Judge: Stephen Morgan, Case: 23AVCV00038, Date: 2023-05-02 Tentative Ruling

Case Number: 23AVCV00038    Hearing Date: May 2, 2023    Dept: A14

Background

 

This is a civil rights discrimination action. Plaintiff Shaves D. Adams (“Plaintiff”) brings this action against Defendant Antelope The form Complaint does not contain any attachments for the causes of action alleged. Plaintiff alleges damages in the amount of $50,000.00.

 

On January 11, 2023, Plaintiff filed his Complaint alleging four causes of action for: (1) Breach of Contract, (2) Civil Rights Violation, (3) Theft of Student Aid Funds, and (4) Discrimination.

 

On February 17, 2023, defense counsel, Louis R. Dumont (“Dumont”), filed a declaration pursuant to Cal. Code Civ. Proc. § 430.41(a)(2) in which he stated that an attempt was made to reach Plaintiff, but was unsuccessful. Defendant provided a meet and confer letter to Plaintiff via mail and email on February 14, 2023. (See Exh. A.)  Cal. Code Civ. Proc. § 430.41(a)(2) provides an automatic 30-day extension of time in which to file a response pleading if the parties are not able to meet and confer at least five days prior to the date the responsive pleading is due upon a declaration stating under penalty of perjury that a good faith attempt to meet and confer was made and explaining the reasons why the parties could not meet and confer.

 

On March 06, 2023, Plaintiff filed a response which included grievances with Defendant and a statement that he was “open to meet and confer to reach a meaningful resolution respectfully.” (Plaintiff’s Response to Defendant’s Declaration at p. 2.) No proof of service was attached to this declaration.

 

On April 06, 2023, Defendant filed its Demurrer.

 

On April 13, 2023, Plaintiff filed a Motion for Default Judgment. No proof of service was attached.

 

No Opposition has been filed to the Demurrer or Motion for Default Judgment. “All papers opposing a motion so noticed shall be filed with the court and a copy served on each party at least nine court days. . .before the hearing.” (Cal. Code Civ.
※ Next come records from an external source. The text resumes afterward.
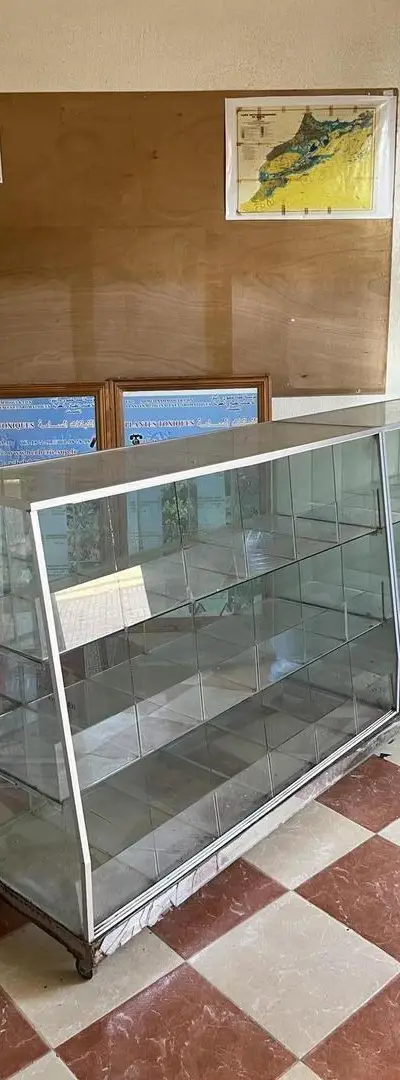 Deux vitrines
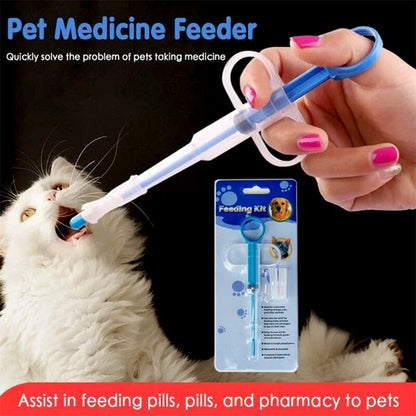 🔥Limited Time Buy 1 Get 1 Free🔥Pet medicine feeder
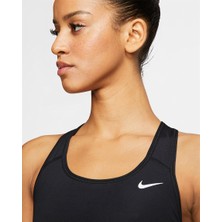 Nike Swoosh Orta Destekli Dolgusuz Kadın Spor Sütyeni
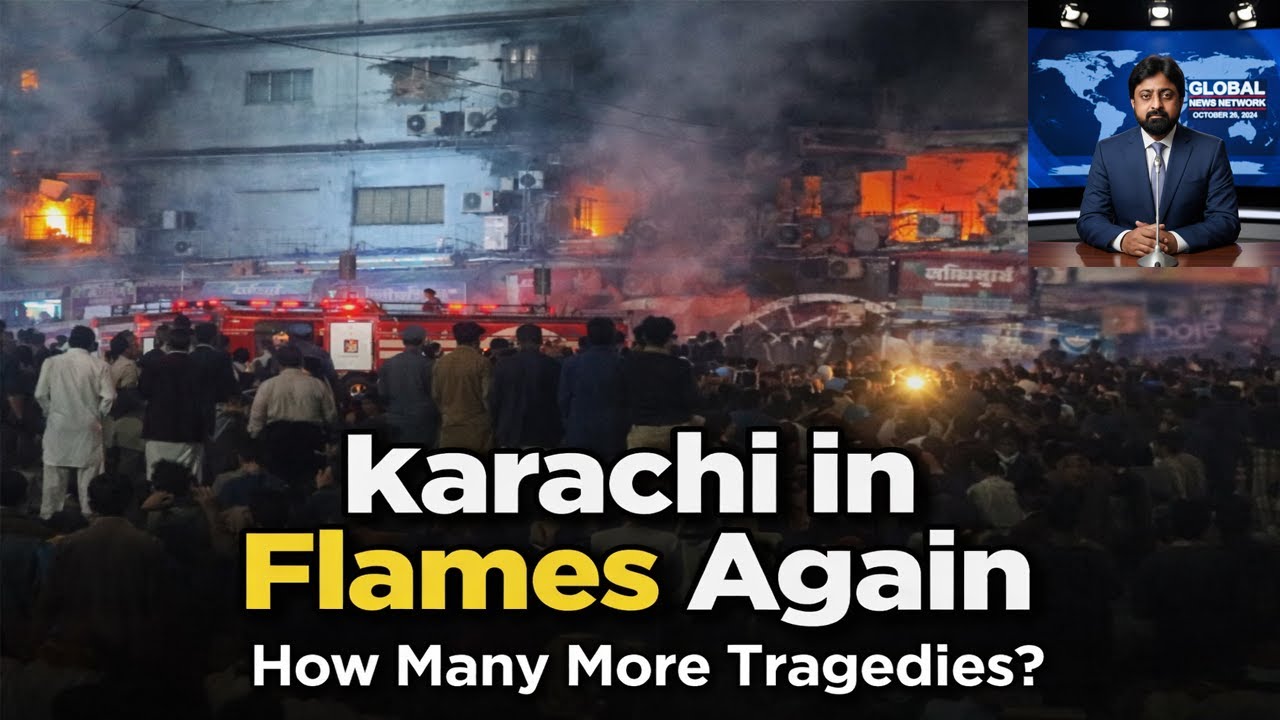 “Baldia Town, Millennium Mall, RJ Mall… countless tragedies, and now Gul Plaza.”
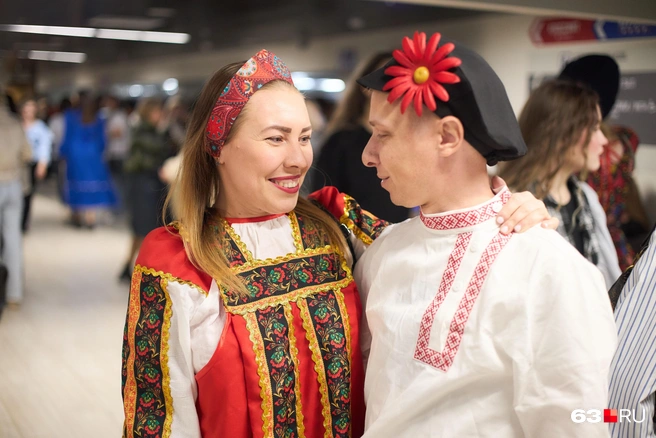 Не заметить пару было невозможно | Источник: Роман Данилкин / 63.RU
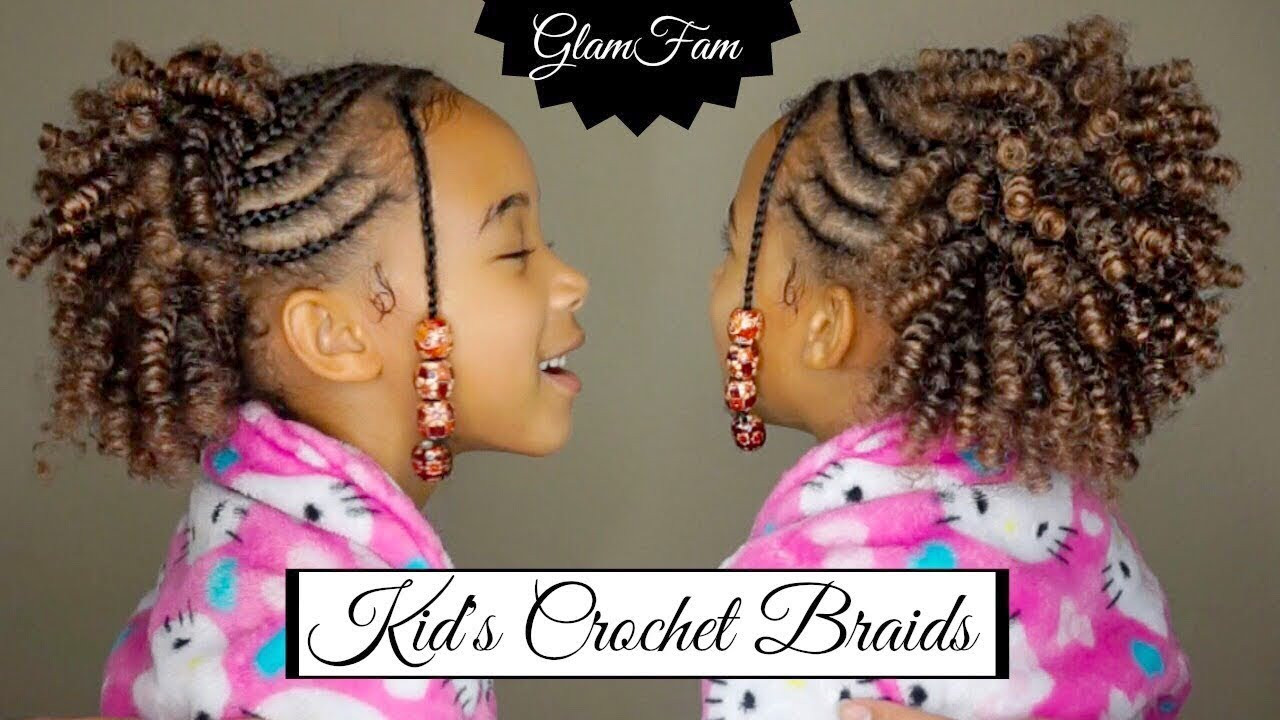 Crochet Braids Hairstyles For Kids
 Natural Looking Crochet Hairstyle for Kids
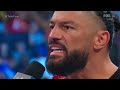 The Tribal Court of Roman Reigns  WWE SmackDown Highlights 7723  WWE on USA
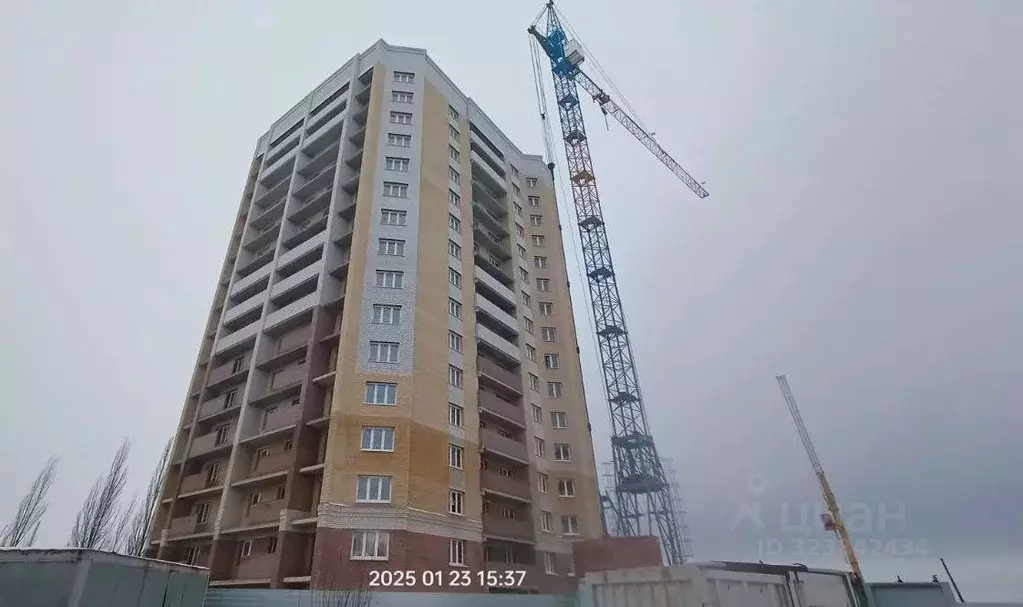 1-к кв. Чувашия, Чебоксары проезд Гремячевский, поз2 (42.7 м) - Фото 1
Proc. § 1005(b).) “Section 1013, which extends the time within which a right may be exercised or an act may be done, does not apply to a notice of motion, papers opposing a motion, or reply papers governed by this section.” (Ibid.) The hearing for both matters is set for May 02, 2023. Accordingly, Oppositions were due by April 19, 2023. Should an Opposition be filed, it is now untimely.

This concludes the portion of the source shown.